Writing What You Know

I am paraphrasing substantially here, but I read a great line in a Herald Tribune book review this week:

"The problem with the admonition to write what you know is that in America what most people know is that adolescence leads to being cranky with your parents."

I have to agree that I am just numb with boredom by the amount of really-not-that-interesting memoirs and fictionalized-memoirs that abound lately.

(This has not stopped me from wanting to write my OWN memoirs of course. . . I mean I'm sure they'd be just a fantastic read! Really. At least for me.)

Posted by karenceliafox at January 17, 2005 09:32 AM
Comments

"Write what you know" isn't meant to be a limit...

Posted by: janra at January 17, 2005 11:05 AM

Yes -- that's very nicely put. . . And I certainly agree that writing what you know is going to improve one's writing a lot more often than it won't! If one is stuck writing about the same-old, same-old the problem doesn't point to not knowing much, but to not delving into all the other things you could push yourself to write about. Another example of bad writing, even?

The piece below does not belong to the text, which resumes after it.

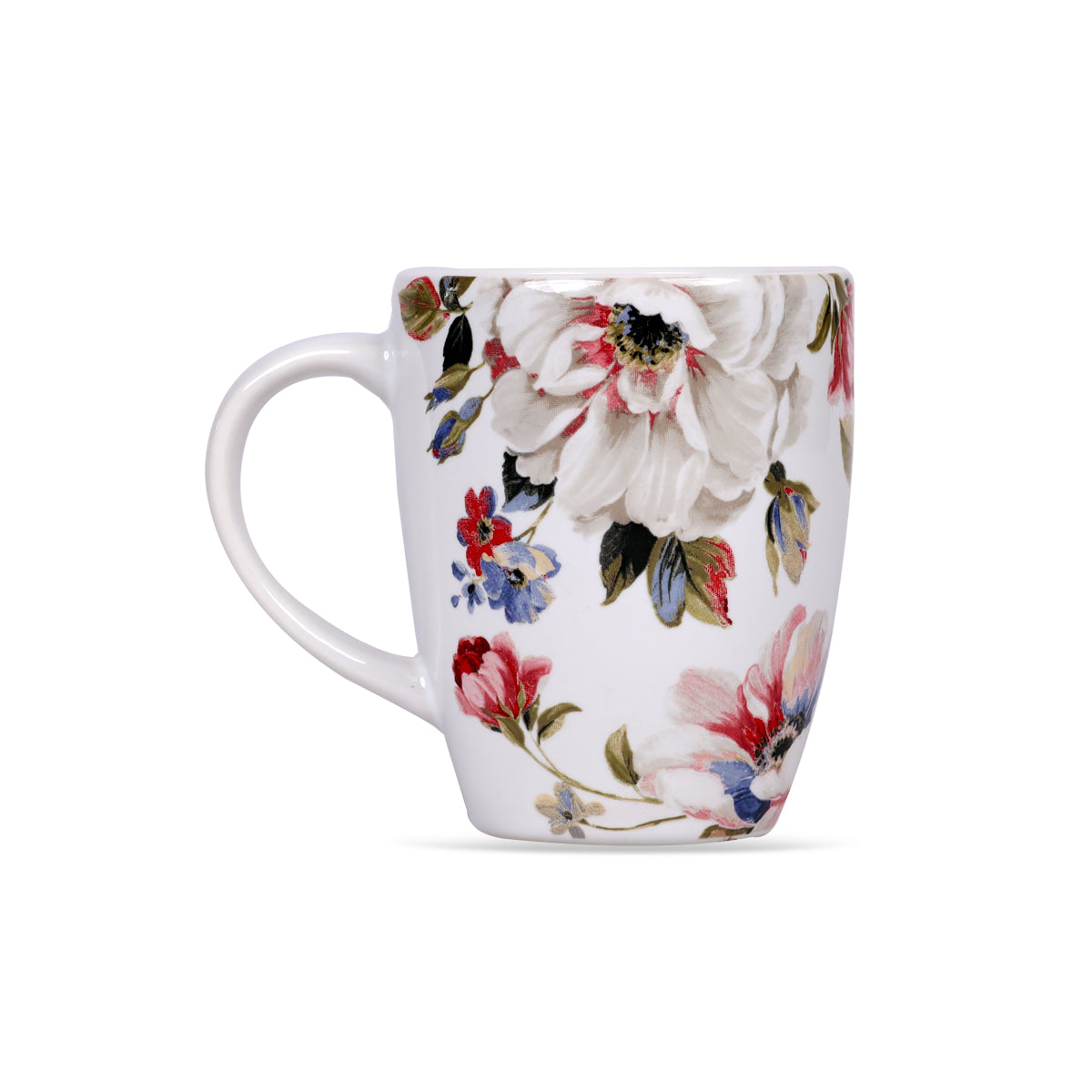 Floral Mug White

Posted by: Karen at January 17, 2005 01:12 PM

I've kind of taken "write what you know" to be an invitation to KNOW MORE STUFF. This has certainly been the case when working on THE QUILL. I've done more research on this darned thing than I did on my capstone project at UMD, to the point where I was watching a History Channel special on stolen antiquities tonight and I knew (almost) all the stories before the voice-over guy got to tell us about them.